Function / class Module Importance Purpose Related helpers
build_governance_candidate_prompt ai Optional Build the governance-candidate prompt for AI-assisted classification drafts. _resolve_prompt_template (internal)
build_governance_classification_records governance Optional Build metadata-ready governance classification records from column suggestions.
build_manual_governance_prompt_package ai Optional Build copy/paste prompt package for manual governance suggestion generation. _compact_sample_rows (internal)
classify_column governance Optional Classify one column using term matching, metadata cues, and business context. _match_terms (internal), _phrase_in_text (internal)
classify_columns governance Optional Classify multiple columns and return normalized governance suggestions. _column_name (internal), _normalize_columns (internal)
generate_governance_candidates_with_fabric_ai ai Optional Execute Fabric AI Functions to append governance suggestions to a DataFrame. _require_fabric_ai_dataframe (internal)
summarize_governance_classifications governance Optional Summarize governance classification outputs into review-friendly counts.
write_governance_classifications governance Optional Persist governance classifications to a metadata destination. _spark_create_governance_metadata_dataframe (internal)

Step 10: Generate lineage & handover documentation

This step creates the final documentation needed for review, handover, and future maintenance. Functions here support lineage, transformation summaries, and handover notes so another analyst or engineer can understand what was built, why it was built, and how to operate it.

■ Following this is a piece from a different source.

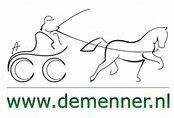 Logo de Menner Logo de Menner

Function / class Module Importance Purpose Related helpers
build_handover_summary_prompt ai Optional Build the handover-summary prompt for AI-assisted run handoff drafting. _resolve_prompt_template (internal)
build_lineage_from_notebook_code lineage Optional Scan, optionally enrich, and validate lineage from notebook source code.
build_lineage_handover_markdown lineage Optional Create a concise markdown handover summary from lineage execution results.
build_lineage_record_from_steps lineage Optional Create metadata-ready lineage records from validated lineage steps.
build_lineage_records lineage Optional Build compact lineage records for downstream metadata sinks.
build_manual_handover_prompt_package ai Optional Build copy/paste prompt package for manual handover summary generation. _compact_sample_rows (internal)
build_run_summary run_summary Optional Build a handover-friendly summary for one data product run.
enrich_lineage_steps_with_ai lineage Optional Optionally enrich deterministic lineage steps using an AI helper callable.
fallback_copilot_lineage_prompt lineage Optional Build a fallback Copilot prompt for manual lineage enrichment.
generate_handover_summary_with_fabric_ai ai Optional Execute Fabric AI Functions to append handover summary suggestions. _require_fabric_ai_dataframe (internal)
parse_manual_ai_json_response ai Optional Parse manual AI JSON output into Python objects.
plot_lineage_steps lineage Optional Render lineage steps as a directed graph figure.
render_run_summary_markdown run_summary Optional Render a run summary dictionary into Markdown for handover notes. _status_of (internal)
scan_notebook_cells lineage Optional Scan multiple notebook cells and append cell references to lineage steps.
scan_notebook_lineage lineage Optional Extract deterministic lineage steps from notebook code using AST parsing. _call_name (internal), _flatten_chain (internal), _name (internal), _resolve_write_target (internal), _step (internal)
validate_lineage_steps lineage Optional Validate lineage step structure and flag records requiring human review.

Other exported callables

These callables are exported by fabricops_kit.__all__ but are not currently mapped to a lifecycle step. They are listed here so the public reference remains complete.

No unmapped exported callables.

Use these .ipynb templates by importing/copying them into Fabric and renaming the actual notebook to the required lifecycle naming convention. Notebook name validation reads the running notebook name from Fabric runtime context when available.